Most programming languages draw a strict line between code (the instructions that tell the computer what to do) and data (the values the program manipulates).

But in some languages—most famously Lisp—this boundary is blurred.

The property that allows code to be represented and manipulated as data structures within the language is called homoiconicity.

1. What Does Homoiconicity Mean? Link to heading

The word comes from Greek roots:

  • homo- = same
  • icon = representation

So, homoiconic means “the code has the same representation as the data.”

In a homoiconic language:

  • The program’s source code is expressed in a fundamental data structure of the language itself.
  • This allows programs to generate, manipulate, and transform other programs in a natural way.

For Lisp, the basic data structure is the list (S-expression).

  • Code in Lisp is written as lists.
  • Lists are also a core data structure.
  • Therefore, Lisp programs can read, modify, and generate other Lisp programs as if they were just lists.

2. Example in Lisp Link to heading

Consider a simple arithmetic expression in Lisp:

(+ 2 3)

This is both:

  1. Code → adds 2 and 3.
  2. Data → a list containing three elements: the symbol +, and the numbers 2 and 3.

You can prevent evaluation and treat it purely as data using the quote operator:

'(+ 2 3)

This returns the list (+ 2 3) without executing it.

3. Manipulating Code as Data Link to heading

Because code is just lists, you can construct it dynamically:

(list '+ 2 3)
;; => (+ 2 3)

Now you can ask Lisp to evaluate this constructed list:

(eval (list '+ 2 3))
;; => 5

The program built a piece of code and then executed it.

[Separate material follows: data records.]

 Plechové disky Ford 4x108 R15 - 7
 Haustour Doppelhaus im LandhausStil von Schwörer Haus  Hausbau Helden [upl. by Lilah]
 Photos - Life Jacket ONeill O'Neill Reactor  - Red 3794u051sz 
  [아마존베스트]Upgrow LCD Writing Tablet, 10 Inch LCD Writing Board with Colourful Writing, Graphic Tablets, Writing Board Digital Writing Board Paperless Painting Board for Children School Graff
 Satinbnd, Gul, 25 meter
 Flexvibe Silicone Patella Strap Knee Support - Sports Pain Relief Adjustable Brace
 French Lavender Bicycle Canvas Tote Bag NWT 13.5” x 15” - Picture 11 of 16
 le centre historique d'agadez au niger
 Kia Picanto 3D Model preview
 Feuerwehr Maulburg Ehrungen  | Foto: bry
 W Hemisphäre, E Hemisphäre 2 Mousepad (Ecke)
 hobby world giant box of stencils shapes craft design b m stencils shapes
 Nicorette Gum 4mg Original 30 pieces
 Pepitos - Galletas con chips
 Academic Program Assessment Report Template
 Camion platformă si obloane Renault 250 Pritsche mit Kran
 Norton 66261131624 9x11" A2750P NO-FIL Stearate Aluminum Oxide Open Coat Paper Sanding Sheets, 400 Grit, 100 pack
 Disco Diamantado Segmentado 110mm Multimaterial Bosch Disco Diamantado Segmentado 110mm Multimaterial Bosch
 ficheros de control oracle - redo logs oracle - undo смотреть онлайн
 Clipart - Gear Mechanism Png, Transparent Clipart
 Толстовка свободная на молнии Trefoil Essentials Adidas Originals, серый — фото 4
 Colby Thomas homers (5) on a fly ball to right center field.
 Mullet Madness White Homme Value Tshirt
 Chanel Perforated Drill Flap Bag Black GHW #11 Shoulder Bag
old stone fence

4. Code that Writes Code Link to heading

A more powerful example:

(defun make-square (x)
  (list '* x x))

Calling (make-square 5) produces:

(* 5 5)   ;; just a list

If we evaluate it:

(eval (make-square 5))
;; => 25

We’ve written a function that creates new code and then executes it.

5. Macros and Homoiconicity Link to heading

The most famous application of homoiconicity in Lisp is the macro system.

  • A macro is a function that takes Lisp code (as lists) and returns new Lisp code (also lists).
  • The compiler then evaluates the transformed code instead of the original.

Example macro:

(defmacro square (x)
  `(* ,x ,x))

Now:

(square 7)
;; expands to (* 7 7)
;; evaluates to 49

This is different from functions because the transformation happens before execution. Macros exploit homoiconicity to let programmers extend the language itself.

6. Languages with Homoiconicity Link to heading

  • Lisp (Common Lisp, Scheme, Clojure) → canonical homoiconic languages.
  • Prolog → treats code and facts as terms (manipulable).
  • Julia (to some extent) → has Lisp-like macros, though its surface syntax isn’t pure S-expressions.